Of the 90 FDG positive primary tumours, those of intestinal subtype were more likely to have FDG-avid lymph nodes (n = 13/44, 30%) or FDG-avid metastases (n = 15/44, 34%) compared with non-intestinal-type tumours (n = 5/46, 11% and n = 9/46, 20%; lymph node and metastasis positivity, respectively; Fig. 3).

Semi-quantitative analysis of FDG-avidity was obtained by measuring the SUV_max of the primary tumour. From this analysis, the primary tumour was found to have a mean SUV_max of 12.0 ± 0.9 (mean ± standard error of the mean (SEM); range, 2.6–41.4). Intestinal-type primary tumours were PET-positive in 93% (41/44) of cases, compared with 36/46 (78%) non-intestinal-type tumours (diffuse, mixed). In the remaining 15 cases, histological subtype was not recorded. In addition, mean SUV_max uptake was significantly higher in tumours of intestinal vs. non-intestinal type tumours (14.1 ± 1.3 vs. 9.0 ± 0.9; mean ± SEM, p = 0.005). Primary tumours that had metastasised also had higher SUV_max values (11.2 ± 1.2 for M0 disease vs. 14.6 ± 1.7 for M0; mean ± SEM; p = 0.052).

TNM stage prior to and following FDG PET-CT was recorded for each patient where this information was available (105 patients) and the impact of the scan on the staging was grouped (see Methods section, above). New information from FDG PET-CT lead to up-staging in 20/105 patients (groups C and D; 19%) by demonstration of previously undetected positive lymph nodes or metastases (Fig. 4). Of those patients who were up-staged, the majority was due to newly detected metastases (group D; 17 patients, 16%). These newly detected occult metastases included distant nodes (8 patients), peritoneal nodules (6 patients), liver metastases (2 patients) and adrenal metastasis (1 patient). Example images from patients with occult metastases are shown in Fig. 5. In 85 patients (groups A and B; 81%), no new information was provided as the FDG PET-CT was either negative or in agreement with the staging after initial MDT discussion (i.e. staging prior to FDG PET-CT).
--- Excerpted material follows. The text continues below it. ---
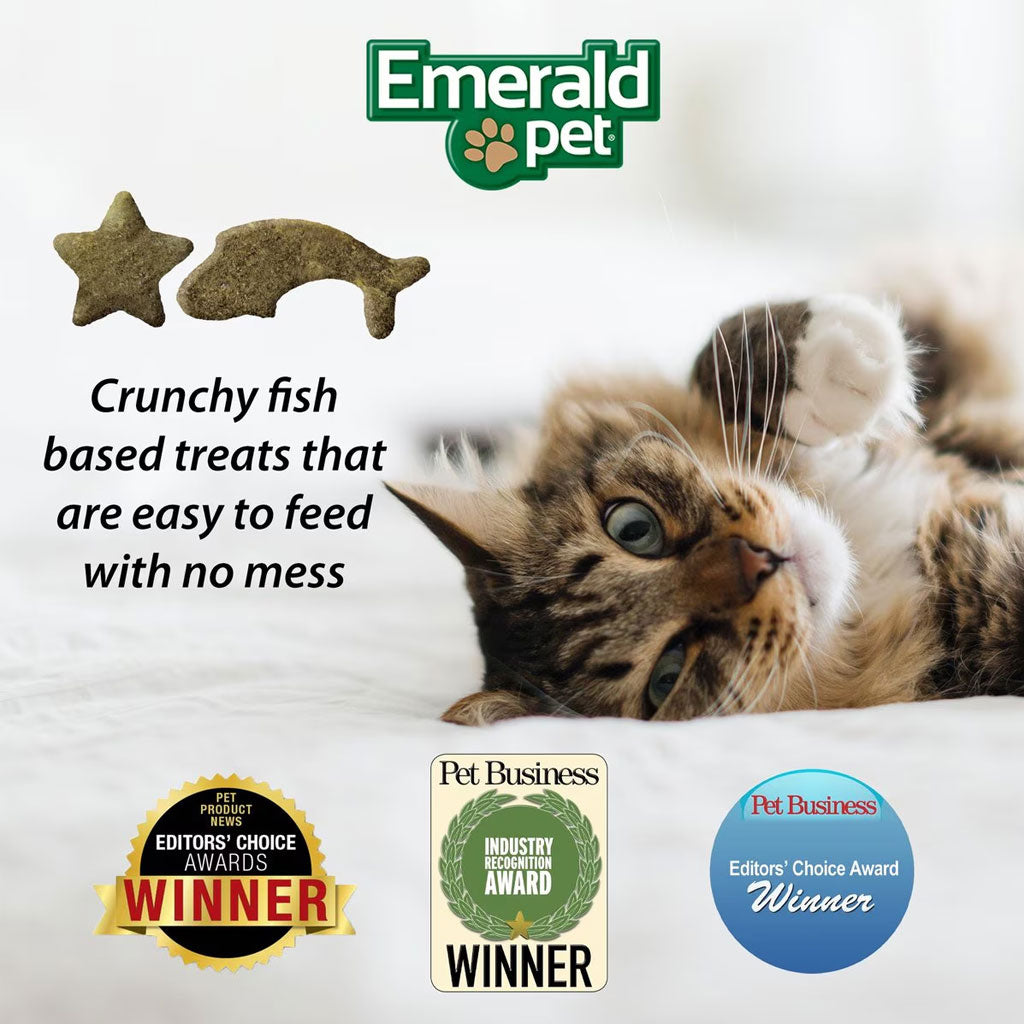 Emerald Pet Wholly Fish! Salmon Recipe Grain-Free Crunchy Cat Treats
From a total of 330 patients with newly diagnosed gastric adenocarcinoma, 54 (16%) underwent resectional surgery. Of these patients, 30 had a pre-surgical FDG PET-CT scan to enable comparison of pre-operative regional lymph node FDG-positivity and histological nodal status. Seventeen patients’ nodal status was concordant on FDG PET-CT and histological analysis (Table 2; six FDG and histology positive, 11 FDG and histology negative). Discordance between pre-treatment FDG PET-CT and histological nodal status was seen in 13 patients (Table 2; 4 FDG positive, histology negative, 9 FDG negative, histology positive). Of this discordant group, the majority of those with positive lymph nodes not predicted by PET-CT (i.e. FDG negative, histology positive) were of non-intestinal subtype (78%). In the concordant groups, the mix of intestinal and non-intestinal histological subtypes were evenly distributed. This suggests that nodal positivity is predicted more accurately in intestinal than non-intestinal tumours. These data correspond to an overall sensitivity and specificity of PET-CT nodal detection of 40% and 73%, respectively.
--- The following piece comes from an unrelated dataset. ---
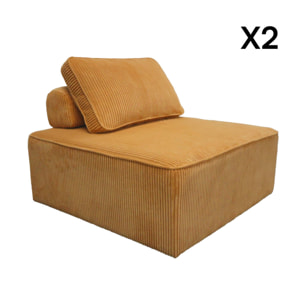 Lot de 2 chauffeuses  pour canapé modulable velours côtelé jaune avec un coussin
Nineteen of 30 patients underwent neo-adjuvant chemotherapy. Of these, discordance between pre-treatment FDG PET-CT and histological nodal status was seen in seven patients (2 FDG positive, histology negative; 5 FDG negative, histology positive). Four out of five patients in the neo-adjuvant group with positive lymph nodes not predicted by PET-CT were of non-intestinal subtype. Eleven patients proceeded directly to surgery following FDG PET-CT without neo-adjuvant treatment. In two cases, chemotherapy was contraindicated due to gastric outlet obstruction and cardiac comorbidity. In the remaining nine patients, pre-operatively staged as early, six of nine were finally staged as T1/2 (N0–2) and in three cases T3/4 but N0.